Il est difficile de savoir si, dans l’agenda de la visite, la question des catholiques américains sera posée. Donald Trump répond aux attentes des catholiques américains sur l’avortement. Par exemple, il a supprimé  les subventions en faveur des lobbies pro-avortement. Il est entouré de personnes qui n’ont jamais caché leur opposition à l’avortement comme Mike Pence. Enfin, il a nommé Neil Gorsuch à la Cour suprême fin janvier. Or ce juge pro-vie va trancher des questions sociétales et départager les huit juges (quatre progressistes contre quatre conservateurs) de la Cour... Le Saint-Siège sait aussi qu’il est opposé à la théorie du genre.

Bref, toutes ces questions seront sûrement abordées au cours de cette rencontre et peuvent constituer ces fameux points communs dont parlait François.
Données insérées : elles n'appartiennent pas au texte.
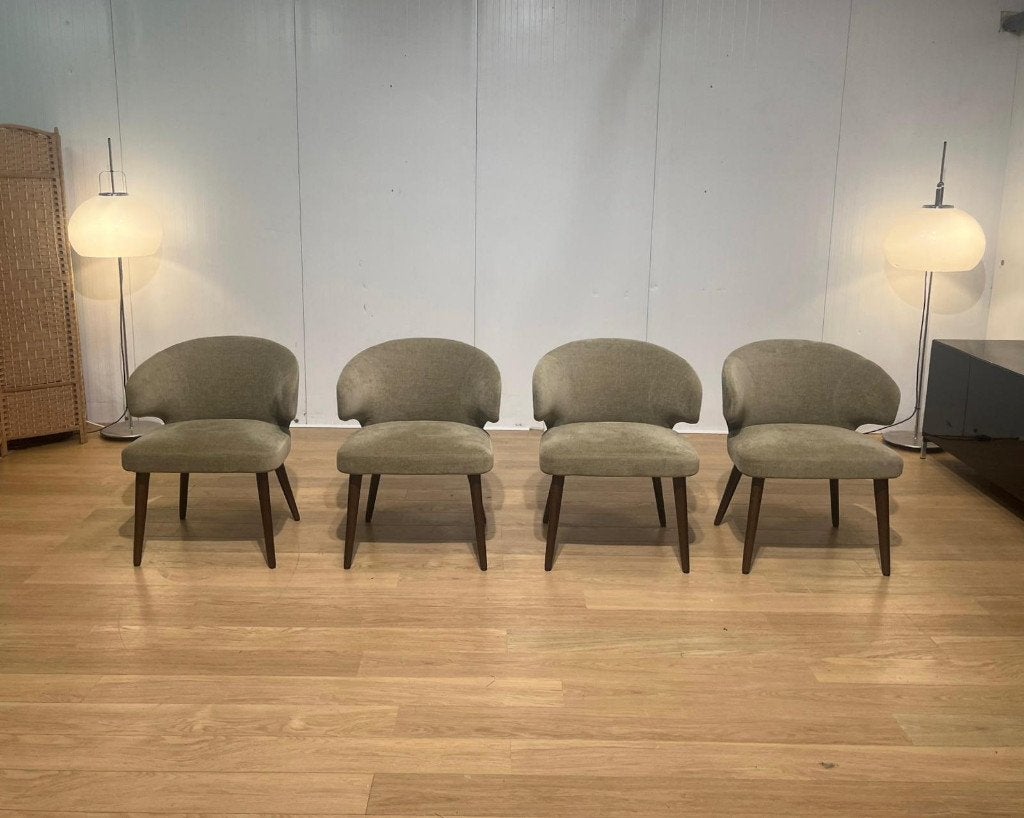 NIEUWSTAAT Minotti Dining Chairs Beige/Taupe Set 4, Overige kleuren, Ophalen of Verzenden, Zo goed als nieuw, Vier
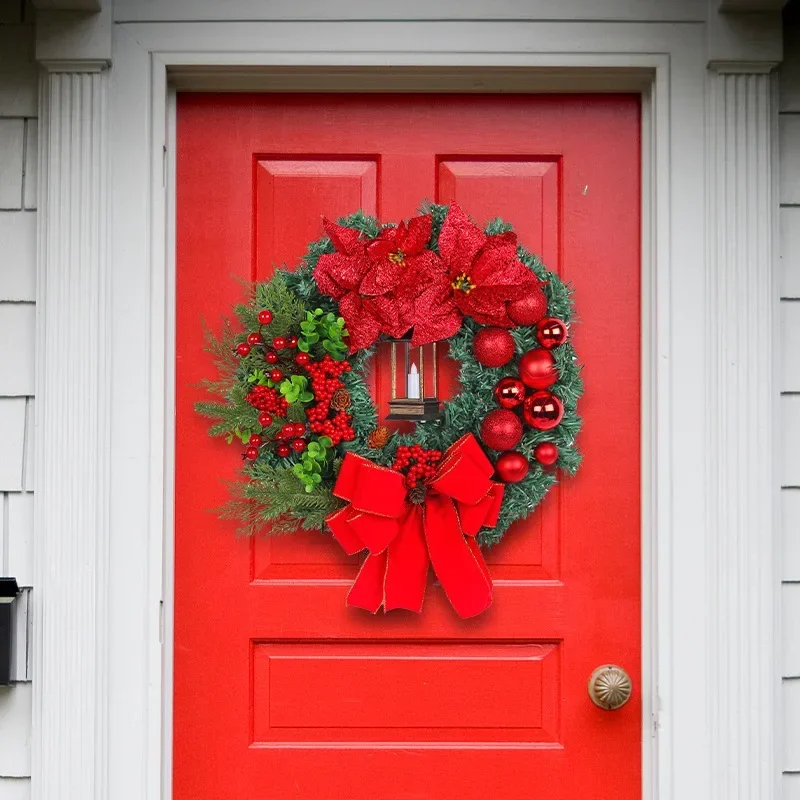 Decorazioni natalizie ghirlanda lampada a olio di natale con fiore rosso decorazione della porta d\'ingresso della casa scena ghirlanda di natale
Même s’il en parle moins que son prédécesseur Jean-Paul II, le pape François a évoqué l’avortement à plusieurs reprises en le dénonçant non pas comme « un mal mineur » mais comme « un crime ». Enfin, le pape François sait très bien qu’une majorité de catholiques a voté pour Donald Trump. Même s’il perçoit mal la réalité des classes moyennes américaines avec sa grille de lecture d’Américain du Sud, il ne peut éluder cette réalité.

Une question sur laquelle on pourrait s'attendre à un certain désaccord entre le pape et Trump pourrait être l'écologie. Quelle est l'ampleur de cette nouvelle mission politique pour le Vatican ? 

Je reprends là aussi ce qu’à dit le pape François après sa visite au Portugal. Dans le respect, le Saint-Siège va exposer son point de vue sur la question. En sincérité et sans calcul politique. En fait, l’écologie et la question des migrants constituent potentiellement les deux points de friction entre les deux partis. Mais le pape est un homme qui construit des ponts, parfois sur le temps long. C’est précisément sa force par rapport aux démocraties occidentales qui entrent dans des processus à court terme, rythmés par les élections.  

Néanmoins, il sera intéressant de voir comment Donald Trump sera accueilli. On se souvient du regard noir que le pape François avait porté sur François Hollande venu le visiter en janvier 2014… Je ne crois pas qu’il aura le même regard. Il existe aussi chez les deux hommes une forme de populisme propre au continent américain, différent des mouvements populistes européens. Trump a été élu démocratiquement par une Amérique qui se sent à la marge de la mondialisation. Cette réalité peut aussi les rapprocher.